What needs to be done
Filter the data for "Smart" and copy matching lines.
(Beginning of Data for this task)
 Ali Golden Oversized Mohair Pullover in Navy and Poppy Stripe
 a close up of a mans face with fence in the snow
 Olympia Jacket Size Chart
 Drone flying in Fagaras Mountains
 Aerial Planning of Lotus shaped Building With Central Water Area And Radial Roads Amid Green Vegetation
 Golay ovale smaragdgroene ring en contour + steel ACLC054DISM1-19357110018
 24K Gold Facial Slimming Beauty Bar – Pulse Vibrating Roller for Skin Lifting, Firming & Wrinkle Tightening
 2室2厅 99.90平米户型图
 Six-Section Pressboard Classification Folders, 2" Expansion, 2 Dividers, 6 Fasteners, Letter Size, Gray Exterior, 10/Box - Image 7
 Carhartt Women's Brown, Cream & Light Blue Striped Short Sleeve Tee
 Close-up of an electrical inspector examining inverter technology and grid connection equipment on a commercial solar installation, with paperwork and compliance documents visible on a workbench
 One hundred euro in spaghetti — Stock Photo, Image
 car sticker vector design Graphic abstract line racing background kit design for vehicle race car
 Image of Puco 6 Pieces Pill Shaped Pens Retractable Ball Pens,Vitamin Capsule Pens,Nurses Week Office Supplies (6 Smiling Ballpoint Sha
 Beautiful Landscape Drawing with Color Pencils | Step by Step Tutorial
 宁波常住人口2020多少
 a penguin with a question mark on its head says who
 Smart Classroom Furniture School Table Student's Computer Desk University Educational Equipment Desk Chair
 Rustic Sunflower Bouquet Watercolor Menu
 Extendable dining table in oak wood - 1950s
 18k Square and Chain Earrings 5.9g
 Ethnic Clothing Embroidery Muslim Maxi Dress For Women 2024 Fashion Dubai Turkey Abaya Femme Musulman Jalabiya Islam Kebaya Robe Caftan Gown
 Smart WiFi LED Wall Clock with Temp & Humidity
(End of Data for this task)
Result of this task
 Smart Classroom Furniture School Table Student's Computer Desk University Educational Equipment Desk Chair
 Smart WiFi LED Wall Clock with Temp & Humidity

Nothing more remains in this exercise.